Short abstract
The UN Food and Agriculture Organisation's global rinderpest eradication programme (GREP)—the first and only attempt to eradicate an animal pathogen—provides several learning points from the veterinary perspective
Rinderpest is (was is possibly more accurate) an ancient disease of cattle, believed to have been the origin of human measles,1 caused by an epitheliotropic and lymphotropic morbillivirus. Characterised by high fever, ocular and nasal discharges, dysentery, and dehydration it can cause death in up to 100% of cattle, water buffaloes, and yaks. Many wild ungulates are also highly susceptible, but not humans. Not surprisingly, it was the dread of farmers throughout the European, Asian, and African continents for centuries, even millennia. Sweeping west, east, and south out of central Asia, this devastating disease changed the course of history, following in the wake of marauding armies bringing death and devastation that contributed to the fall of the Roman empire, the conquest of Europe by Charlemagne, the French revolution, the impoverishment of Russia, and the colonisation of Africa.2 Having been defeated in Europe by 1928, it was the subject of intensive eradication effort in Africa and Asia for most of the last century, yet not until 1993 was a programme mounted by the Food and Agriculture Organisation of the United Nations to bring about global eradication. The eradication programme aimed to provide coordination of autonomous, regional campaigns rather than being a centrally managed campaign.
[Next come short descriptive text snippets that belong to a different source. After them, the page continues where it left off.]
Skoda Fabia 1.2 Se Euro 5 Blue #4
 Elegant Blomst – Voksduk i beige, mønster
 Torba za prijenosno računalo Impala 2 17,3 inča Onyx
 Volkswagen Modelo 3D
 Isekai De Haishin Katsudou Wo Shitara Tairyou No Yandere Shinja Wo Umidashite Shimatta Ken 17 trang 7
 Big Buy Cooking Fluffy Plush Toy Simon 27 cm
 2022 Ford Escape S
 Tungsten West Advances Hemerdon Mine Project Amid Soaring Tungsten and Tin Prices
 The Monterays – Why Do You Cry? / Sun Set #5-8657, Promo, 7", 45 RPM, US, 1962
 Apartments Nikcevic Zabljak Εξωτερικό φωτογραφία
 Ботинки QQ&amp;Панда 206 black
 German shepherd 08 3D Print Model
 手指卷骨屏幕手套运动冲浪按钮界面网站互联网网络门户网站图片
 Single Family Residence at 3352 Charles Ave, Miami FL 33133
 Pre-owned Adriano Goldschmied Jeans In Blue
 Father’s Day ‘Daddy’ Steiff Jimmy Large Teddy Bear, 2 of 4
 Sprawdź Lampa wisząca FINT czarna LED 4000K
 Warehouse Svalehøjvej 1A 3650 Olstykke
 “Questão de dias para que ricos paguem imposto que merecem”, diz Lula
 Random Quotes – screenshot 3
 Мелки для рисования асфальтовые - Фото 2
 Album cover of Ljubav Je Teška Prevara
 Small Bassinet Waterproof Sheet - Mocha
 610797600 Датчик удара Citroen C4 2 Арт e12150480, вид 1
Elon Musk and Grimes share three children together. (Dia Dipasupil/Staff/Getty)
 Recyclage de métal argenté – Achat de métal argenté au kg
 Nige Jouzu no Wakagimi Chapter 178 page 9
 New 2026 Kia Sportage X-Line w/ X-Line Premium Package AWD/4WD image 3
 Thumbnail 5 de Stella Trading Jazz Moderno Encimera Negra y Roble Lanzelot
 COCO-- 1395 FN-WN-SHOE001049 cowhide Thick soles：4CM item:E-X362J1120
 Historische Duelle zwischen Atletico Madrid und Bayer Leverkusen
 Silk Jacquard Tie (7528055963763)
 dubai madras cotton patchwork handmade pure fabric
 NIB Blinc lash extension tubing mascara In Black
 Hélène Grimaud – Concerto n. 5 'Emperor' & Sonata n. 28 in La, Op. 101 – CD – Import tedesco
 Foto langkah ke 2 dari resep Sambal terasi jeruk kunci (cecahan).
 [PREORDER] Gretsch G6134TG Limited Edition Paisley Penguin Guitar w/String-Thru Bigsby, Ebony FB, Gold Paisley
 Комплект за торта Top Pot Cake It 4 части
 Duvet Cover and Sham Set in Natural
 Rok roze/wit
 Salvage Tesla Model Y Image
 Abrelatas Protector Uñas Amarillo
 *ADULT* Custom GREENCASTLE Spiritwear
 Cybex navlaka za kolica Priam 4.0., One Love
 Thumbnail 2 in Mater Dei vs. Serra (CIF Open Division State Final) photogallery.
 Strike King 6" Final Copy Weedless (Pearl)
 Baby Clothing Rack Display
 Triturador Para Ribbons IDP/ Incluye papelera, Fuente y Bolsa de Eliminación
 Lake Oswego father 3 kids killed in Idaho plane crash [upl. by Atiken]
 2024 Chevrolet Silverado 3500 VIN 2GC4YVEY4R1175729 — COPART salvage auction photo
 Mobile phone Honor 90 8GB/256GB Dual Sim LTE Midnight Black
Twelve years later, in 2005, we are conceivably very close to the goal, with growing confidence that almost the whole world is now free; suspicion persists only for some pastoralist communities of the Horn of Africa, even though the virus has not been detected for four years.3
Herd immunity
Control, elimination, or eradication of rinderpest were long considered to depend almost solely on mass, pulsed vaccination campaigns, assuming that herd immunity would rise sufficiently to extinguish transmission of the virus. If it had been possible to maintain a sufficient proportion of the population immune for a sufficient length of time (taking into account ephemeral maintenance of virus by wildlife over which we had no control) one could surely have expected rapid success. But what is a sufficient proportion? How could high herd immunity be achieved? How long must it be sustained? Only lately have we started to gain epidemiological insights into answering these questions.4
West Africa as an example?
Annual campaigns targeted the most susceptible domestic species to achieve a desired seroprevalence between 80% and 90%, until the disease disappeared. Initially no time limit was set, but latterly the duration was set at three years, essentially for pragmatic reasons. This approach worked for West Africa, making it an often cited example: twice it proved relatively easy to free that region (or virtually all of it) early in campaigns that ran from the 1960s to the 1970s and 1986 to 1998. However, a more careful appraisal finds that mass rinderpest vaccination alone might not have been responsible for the perceived success. We know from field experience that high vaccination coverage, and even immunity, can be achieved in vaccination campaigns where the efficacy of immunisation is monitored and remedial action (revaccination) taken if needed.5 However, most vaccination programmes fell far short of achieving the magical 90%, or even 80%, immunity figure. In fact, the figure rarely even reached 65% per cent, yet convincing evidence shows that the virus was eliminated from West Africa in 1988 after three years of mass vaccination. Perhaps the answer lies in the discovery that peste des petits ruminants (PPR), prevalent in West Africa and much of Asia, infects cattle, subclinically inducing immunity against rinderpest in up to 50% of cattle.6 PPR immunity in the population summated with that of the rinderpest vaccine to give high herd immunity to rinderpest, explaining how elimination of rinderpest occurred despite suboptimal vaccination coverage, not only in West Africa but also in India.7 It is fortunate that PPR fortified immunity conferred by vaccination because field studies and mathematical modelling indicate that moderate herd immunity actually helps to sustain viral transmission networks.4
Vaccination not necessary
Combined with the understanding that it was difficult to achieve an adequately high immune population by annual, pulsed vaccination across the whole population at risk, we started to appreciate that it was actually not necessary and was wasteful of resources. In Ethiopia in the early 1990s, we realised that the areas of the country where rinderpest outbreaks were most evident were in fact “indicators” of spread from persisting, endemic reservoirs in remote, extensive, pastoral communities marginalised from services and surveillance. Eliminating these residual reservoirs of infection became the core issue in eradication. Mass vaccination was therefore relegated to the start of campaigns to reduce the frequency of outbreaks and disclose sustained virus transmission networks. Targeted vaccination programmes were mounted from 1993, using innovative, community based delivery systems, and this cleared rinderpest from the 35 million Ethiopian cattle herd within three years, something that 30 years of institutionalised, mass vaccination programmes had failed to do. A similarly focused approach achieved success in the sedentary village populations of southern India at about the same time.8 The last handful of Asian and African endemic foci (except for the Somali ecosystem) were cleared by 2000. The most important lesson we learnt, perhaps rather slowly, was that a sound epidemiological understanding must precede, and be applied to guiding and focusing, any disease control programme.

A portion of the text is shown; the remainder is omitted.